München (Reuters) - Der Münchner Triebwerkshersteller MTU Aero Engines hat wegen einer teuren Rückrufaktion zum ersten Mal in der 90-jährigen Firmengeschichte rote Zahlen geschrieben.
Unter dem Strich stand ein Verlust von 97 Millionen Euro, wie MTU Aero am Donnerstag mitteilte. Ein Jahr zuvor hatte der Konzern noch 333 Millionen Euro Nettogewinn erwirtschaftet. MTU hat fast eine Milliarde Euro für die Inspektion von bis zu 3000 Getriebefan-Triebwerken des Partners Pratt & Whitney zurückgestellt. Diese müssen in den nächsten Jahren - teils vorzeitig - für bis zu zehn Monate in die Werkstatt, weil in ihnen eine möglicherweise defekte Turbinenscheibe verbaut ist.
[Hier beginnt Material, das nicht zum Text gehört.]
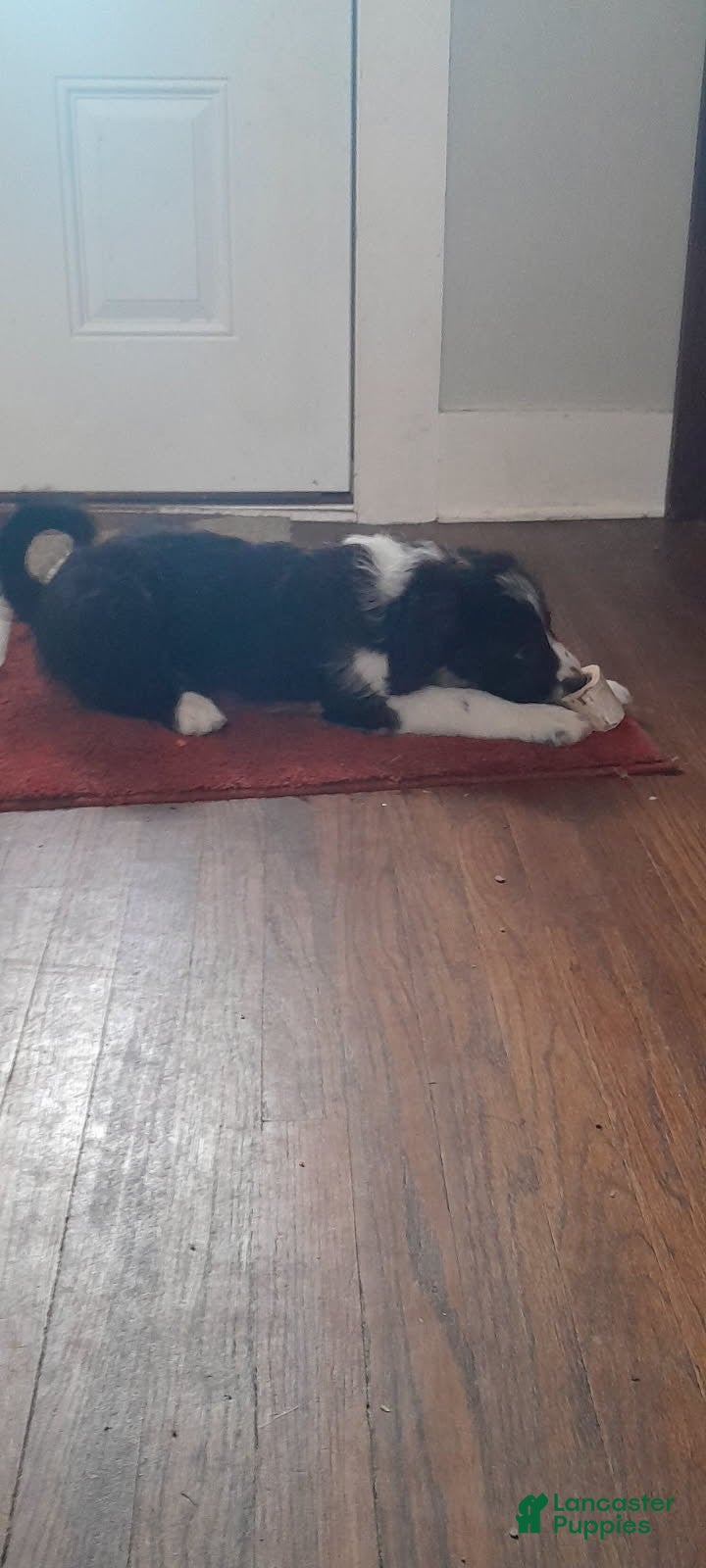 Bordoodle dogs Bordoodle Puppy 2 - Ad 2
"Das Jahr 2023 war ein Jahr der Gegensätze für die MTU", sagte Vorstandschef Lars Wagner. "Ohne die Sonderbelastung könnte die MTU für das Geschäftsjahr 2023 Rekordwerte verkünden." Operativ erreichte das Unternehmen seine Ziele: Der um die Rückrufaktion bereinigte Umsatz stieg um 19 Prozent auf 6,3 Milliarden Euro, das bereinigte Ergebnis vor Zinsen und Steuern (Ebit) sogar um 25 Prozent auf 818 Millionen Euro. Angepeilt hatte MTU zuletzt zwischen 6,1 und 6,3 Milliarden Euro Umsatz und ein Ebit von etwas mehr als 800 Millionen Euro.
Bilanziell dürfte MTU den Rückruf 2023 verarbeitet haben. Im laufenden Jahr soll der Umsatz auf 7,3 bis 7,5 Milliarden Euro steigen, bei einer um Sondereffekte bereinigten Umsatzrendite (Ebit-Marge) von mehr als zwölf Prozent, wie MTU bereits in der vergangenen Woche mitgeteilt hatte. 2023 lag die Marge bei 12,9 Prozent. "Die MTU bleibt ein hoch leistungsfähiges Unternehmen, unsere Perspektiven sind überaus positiv", sagte Wagner. "Auch 2024 wollen wir weiter konsequent wachsen."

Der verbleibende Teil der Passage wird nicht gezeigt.